TASK OBJECTIVE:
In the copy, include all of the listing exactly and none of its pictures.

╭─ DATA SEGMENT

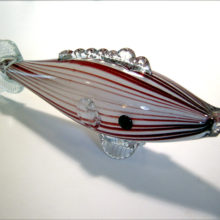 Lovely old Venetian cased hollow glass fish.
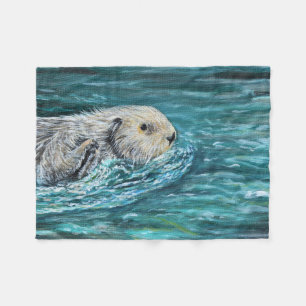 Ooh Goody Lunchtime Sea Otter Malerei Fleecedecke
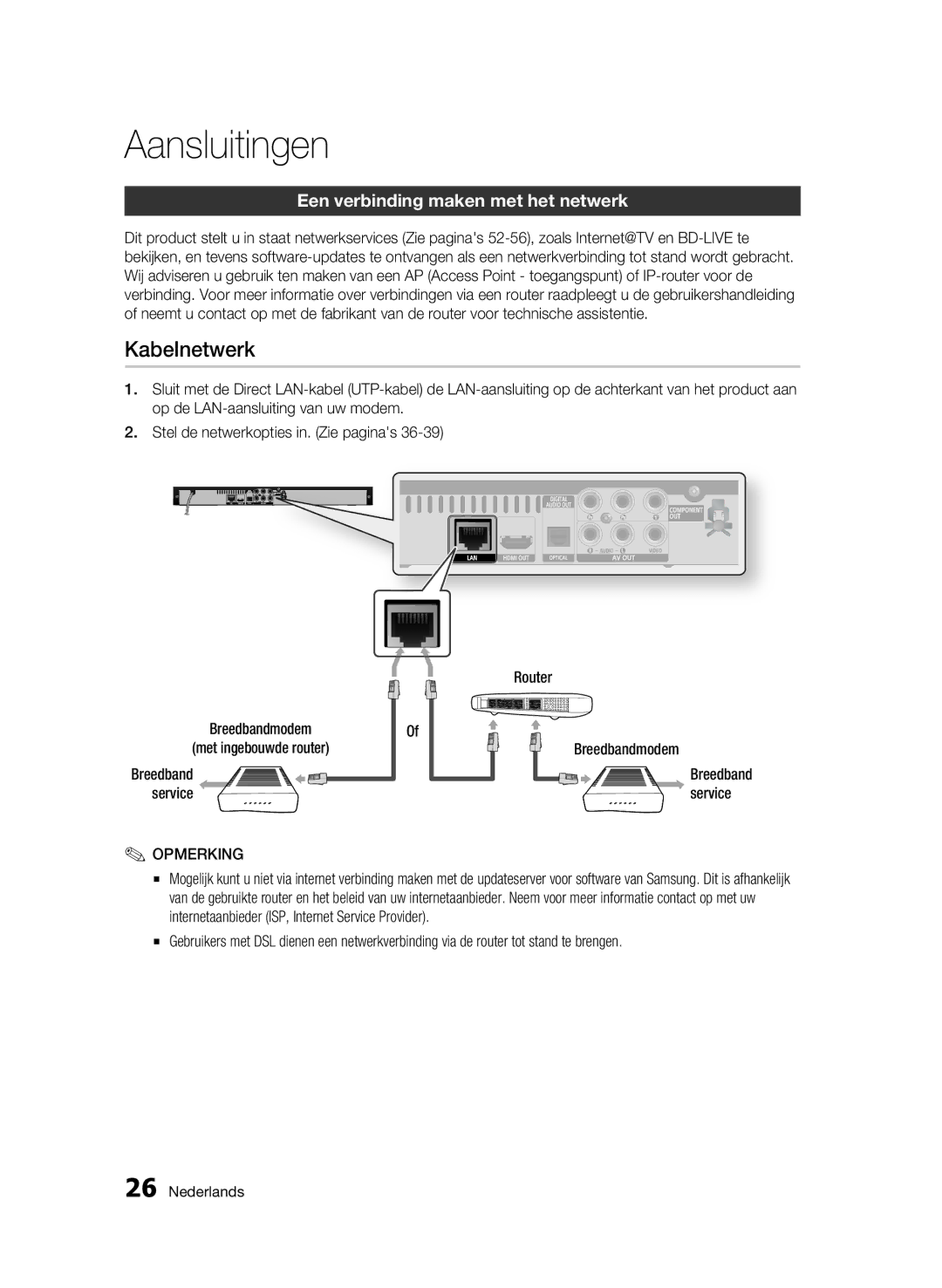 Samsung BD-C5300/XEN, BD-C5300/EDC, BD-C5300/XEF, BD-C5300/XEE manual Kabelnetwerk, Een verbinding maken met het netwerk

╰─

TASK OUTPUT:
 Lovely old Venetian cased hollow glass fish.
 Ooh Goody Lunchtime Sea Otter Malerei Fleecedecke
 Samsung BD-C5300/XEN, BD-C5300/EDC, BD-C5300/XEF, BD-C5300/XEE manual Kabelnetwerk, Een verbinding maken met het netwerk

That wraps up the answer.